In this page, we show how you can read (or process) WARC files to get through all Web pages in those files.

1. Download sample ArabicWeb16 WARC files

You can download sample files (786 MB) of around 62K Web pages from here.

2. Read the sample files

To read the files you will need to download two Java classes: WarcHTMLResponseRecord.java and WarcRecord.java. Those files are slightly-modified versions of the ClueWeb09 dataset reader.

We also provide a test reader class TestWarcReader.java that iterates over WARC files in a given directory and reads the WARC records (Web pages) in each of them.

You can download all the 3 java files in a zip file from here.
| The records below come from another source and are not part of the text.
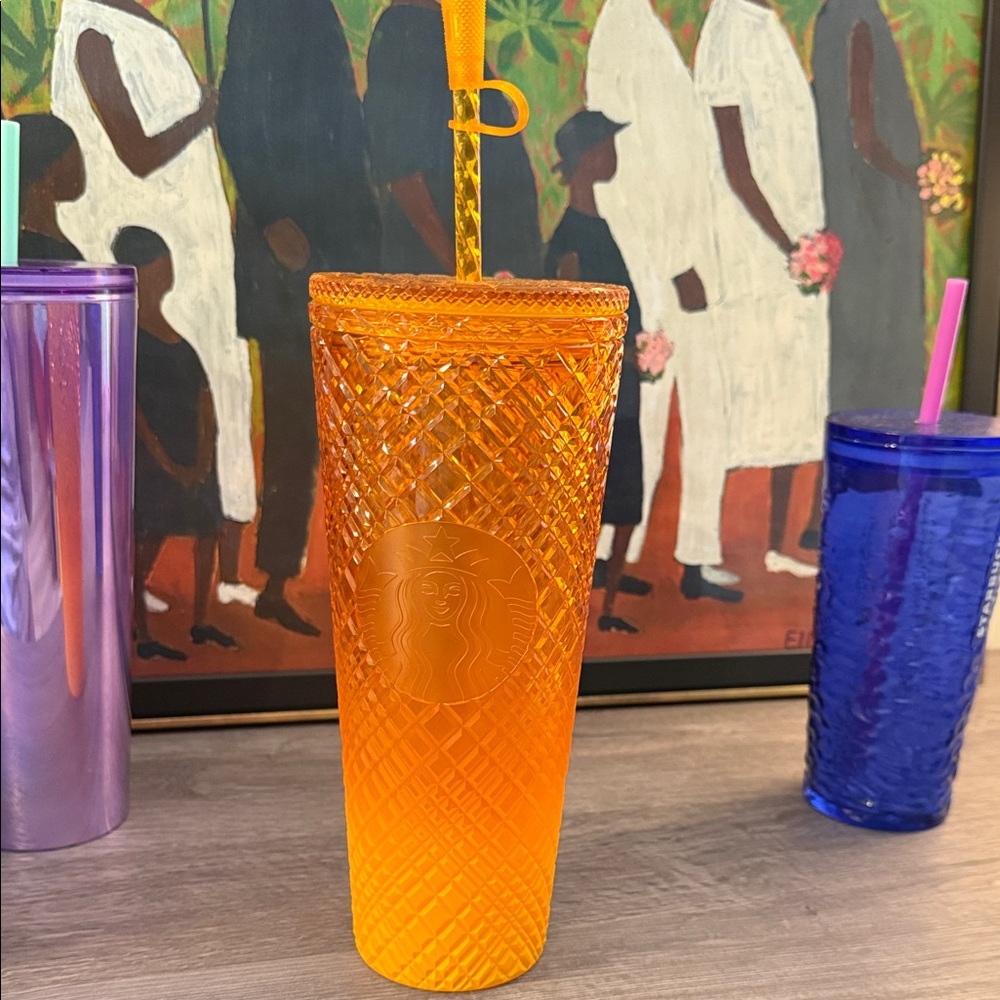 Starbucks Radiant Orange Textured Tumbler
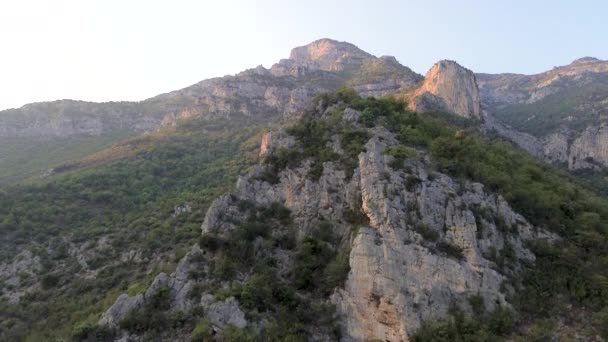 Drone Widok Góry Pobliżu Toirano Głębi Ligurii — Wideo stockowe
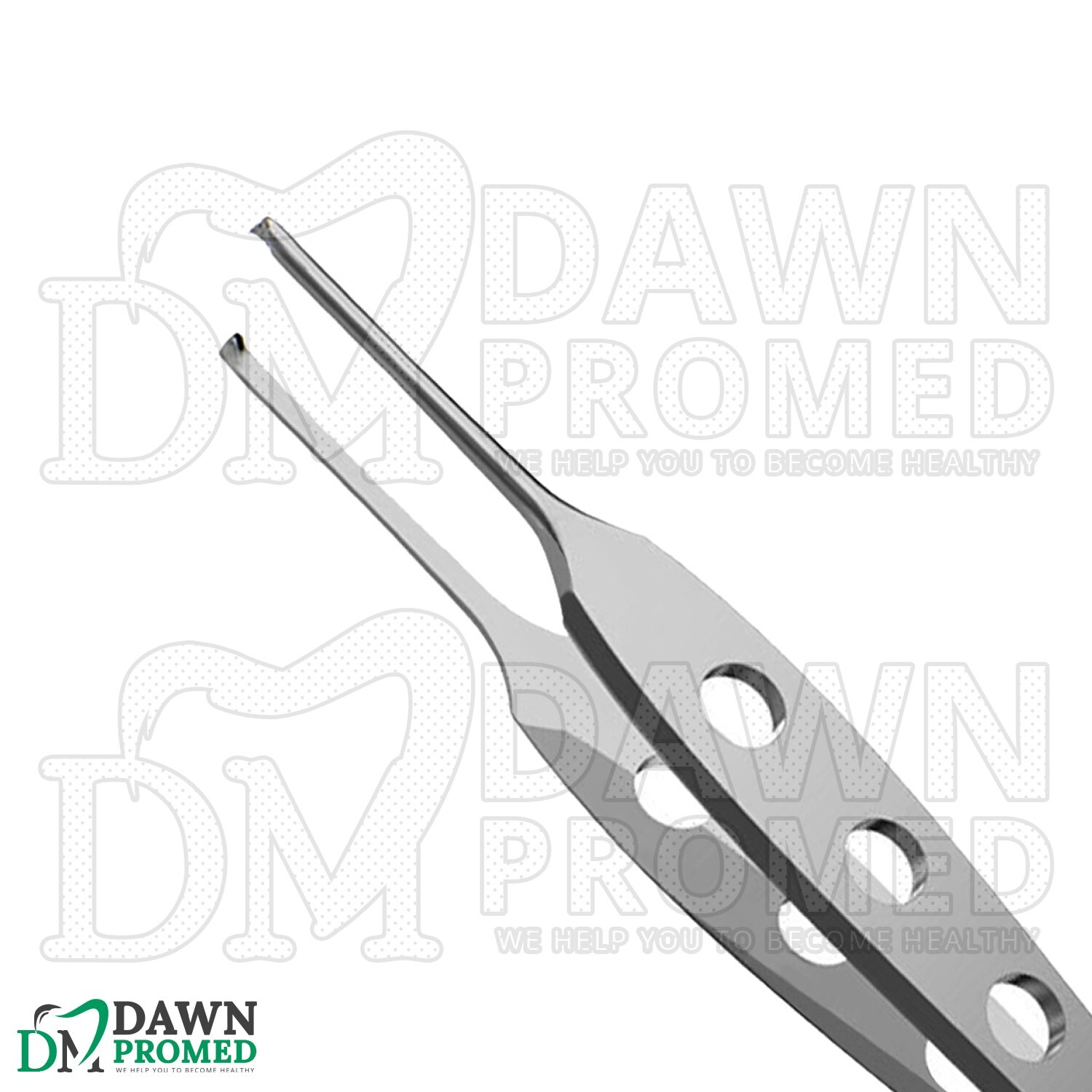 Bishop Harmon Micro Tissue Forceps 1x2 Teeth 0.3mm Delicate 3.5" Eye Instrument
To test reading the sample file:

Create a directory called "reader".
Create a sub-directory called "src" and put there the 3 java classes above (2 reader classes and 1 test class).
Create a sub-directory called "sample" and add the sample WARC files inside it.
Create a sub-directory called "classes".
Compile the code and run the test class as follows:

javac -sourcepath src -d classes src\*.java

java -Dfile.encoding=UTF8 -cp classes TestWarcReader sample

If the test runs successfully, you will see a list of document IDs and (towards the end) you get the following line:

Successful test. Number of read pages = 61934

Check the test code to see how you can get several information from each WARC record such as the corresponding document id, target URL, and the raw content.

Notes:

The Arabic content is encoded in UTF-8 format (where proper UTF-8 character encodings apply). You will have to handle the reading of the content accordingly.
We made a considerable effort to avoid any content that might be inappropriate, however we offer no warranty about the content of the dataset.